At Forward, we host a monthly founder programme called, Office Hours, where they are invited to pitch to one of our investors. For further context around how tough raising at pre-seed is, we receive approximately 150 applications per month, of which 10% get through to a 15-minute meeting and 1–2% progress to a later stage in our investment process.
We've analysed the data we collect from the Office Hours sessions, to summarise the 4 key reasons why we may not invite a founder to the next stage in the investment journey.
Understand the “differentiation challenge”.
Startups, by their very nature, should offer something new and exciting. It therefore seems surprising that 32% (the highest number of opportunities) are lost because they fail to differentiate their offering versus what already exists.
We appreciate it’s not easy to make a new product, vision or business model stand out, or indeed to build credibility in crowded markets. Our guide to evaluating your startup idea provides a hands-on approach to testing whether founders have developed a differentiated product by putting it directly into the hands of customers.

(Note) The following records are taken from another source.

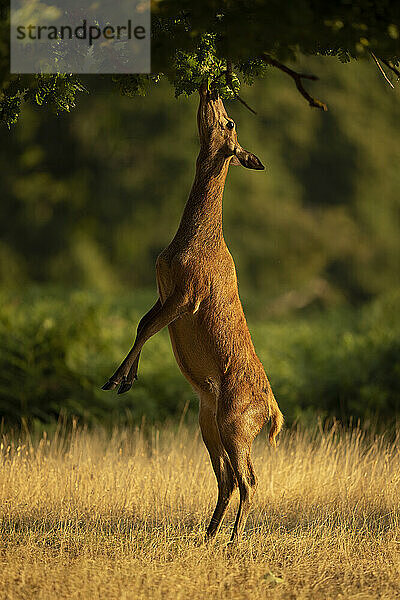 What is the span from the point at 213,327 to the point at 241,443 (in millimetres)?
476

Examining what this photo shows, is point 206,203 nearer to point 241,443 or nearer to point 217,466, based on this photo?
point 241,443

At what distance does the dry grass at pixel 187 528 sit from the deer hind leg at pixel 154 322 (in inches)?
28.3

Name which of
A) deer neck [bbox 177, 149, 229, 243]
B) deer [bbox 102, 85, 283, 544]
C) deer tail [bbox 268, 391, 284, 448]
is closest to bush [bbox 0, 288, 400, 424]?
deer tail [bbox 268, 391, 284, 448]

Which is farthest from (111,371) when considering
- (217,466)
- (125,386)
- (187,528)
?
(125,386)

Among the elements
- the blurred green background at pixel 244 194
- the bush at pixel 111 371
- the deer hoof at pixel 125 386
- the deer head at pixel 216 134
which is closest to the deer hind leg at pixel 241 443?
the deer hoof at pixel 125 386

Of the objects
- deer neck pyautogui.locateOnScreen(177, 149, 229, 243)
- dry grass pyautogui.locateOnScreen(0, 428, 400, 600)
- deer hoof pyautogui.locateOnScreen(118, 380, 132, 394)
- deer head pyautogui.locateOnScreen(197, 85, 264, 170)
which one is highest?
deer head pyautogui.locateOnScreen(197, 85, 264, 170)

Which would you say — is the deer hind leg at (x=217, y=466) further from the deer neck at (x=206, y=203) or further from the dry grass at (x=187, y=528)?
the deer neck at (x=206, y=203)

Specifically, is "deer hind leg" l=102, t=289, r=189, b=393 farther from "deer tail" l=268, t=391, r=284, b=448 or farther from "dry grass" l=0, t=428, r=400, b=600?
"dry grass" l=0, t=428, r=400, b=600

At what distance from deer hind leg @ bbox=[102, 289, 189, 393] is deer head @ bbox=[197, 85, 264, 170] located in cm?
63

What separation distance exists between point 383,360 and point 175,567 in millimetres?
4276

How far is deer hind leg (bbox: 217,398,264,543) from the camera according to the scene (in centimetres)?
299

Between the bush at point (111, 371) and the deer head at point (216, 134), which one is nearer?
the deer head at point (216, 134)

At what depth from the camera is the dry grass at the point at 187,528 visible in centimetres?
283

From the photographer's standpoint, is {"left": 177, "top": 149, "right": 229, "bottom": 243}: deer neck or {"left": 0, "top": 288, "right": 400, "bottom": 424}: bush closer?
{"left": 177, "top": 149, "right": 229, "bottom": 243}: deer neck
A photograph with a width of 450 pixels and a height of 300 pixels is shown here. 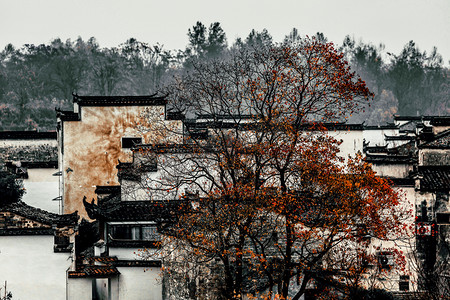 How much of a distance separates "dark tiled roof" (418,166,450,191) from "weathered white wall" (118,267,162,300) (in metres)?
12.1

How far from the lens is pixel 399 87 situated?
246 ft

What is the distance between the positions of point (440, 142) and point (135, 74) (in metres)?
48.0

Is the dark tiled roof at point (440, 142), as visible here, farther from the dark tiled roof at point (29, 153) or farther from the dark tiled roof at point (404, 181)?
the dark tiled roof at point (29, 153)

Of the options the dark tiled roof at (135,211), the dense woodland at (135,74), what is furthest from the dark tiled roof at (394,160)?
the dense woodland at (135,74)

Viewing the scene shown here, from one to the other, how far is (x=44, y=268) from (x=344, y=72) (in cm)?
1080

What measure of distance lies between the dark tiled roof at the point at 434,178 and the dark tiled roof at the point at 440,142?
3.07m

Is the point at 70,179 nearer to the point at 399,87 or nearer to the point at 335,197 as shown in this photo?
the point at 335,197

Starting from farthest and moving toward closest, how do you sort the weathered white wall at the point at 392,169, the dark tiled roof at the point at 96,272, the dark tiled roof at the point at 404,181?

A particular challenge we observe from Office Hours submissions is the “feature trap”, where applicants pitch a new tool or a small tweak to existing solutions, but don’t have enough on which to build a differentiated business.
The founder’s ‘differentiation challenge’ is to set apart their company as a whole, as opposed to staking their future on one or two isolated features.
Markets that deliver “venture scale” outcomes.
Many Office Hours applications pitch perfectly good businesses, which have every chance of succeeding by gaining traction in small, but limited market segments. These businesses often succeed with organic growth or raising investment from angels, whose cost of capital, (and required rate of return) is lower due to tax breaks and incentive schemes.
However, this article on the Equity Kicker explains why VCs must do the maths on the market and the potential exit outcomes when evaluating an investment. Due to VC fund economics (a subtle way of calling out the difficulty of predicting the success rate of startups), each investment we make must have the potential to return the entire fund back to our own investors (in Forward Partners’ case, that’s £60m). That means if we have a 10% stake, the exit value should be £600m or if we have a 25% stake it should be £240m.
Assuming this outcome is based on a 3–4x revenue multiple (£60-£80m revenue in the exit year), and the startup has captured 10% of a given market, the total size of the addressable market needs to be £600m+.
If founders are going after a large market (or starting with a small bridgehead before expanding into adjacent ones), it is equally important for founders to articulate the way in which their vision could deliver venture scale outcomes. This might involve setting out a clear plan on how to scale their marketing channels, or the unit economics behind achieving that kind of growth.
Fit with a VC’s investment strategy.
Whether your startup is on / off strategy is a binary outcome (affecting 20% of all inbound). If a startup doesn’t fit with the fund’s focus or investment stage (9.7%), no matter how awesome it is, it’s unlikely to get a second look.
In this article on getting to a first meeting with VCs, we explain how to target funds that are the best fit for your business. However, the best way to get a sense of a VC’s investment strategy is to look at their current portfolio or read thought-leadership pieces by their Managing Partner(s).
Similarly, it is important to pick the right VC targets. It makes no sense to send an application to a VC if you are too early (or in our case, more often too late) for their stage focus.
Articulate a crystal clear use case with proven pain points.
Few applications (9.8%) are rejected on the basis of a poor use case, though this loss reason has been increasing over time. Cutting the data by “sector” or “category” suggests this correlates with our “Applied AI” investment strategy.
In areas such as artificial intelligence, there are many technologies looking for a problem to solve but it’s important to address a clear market pain point with the solution you have built.
When you’re trying to get us excited about investing in you, we need to see that you live and breathe the industry. Understand what makes your company stand out. Know your market. Take the time to prepare your pitch. That’s how you beat the odds.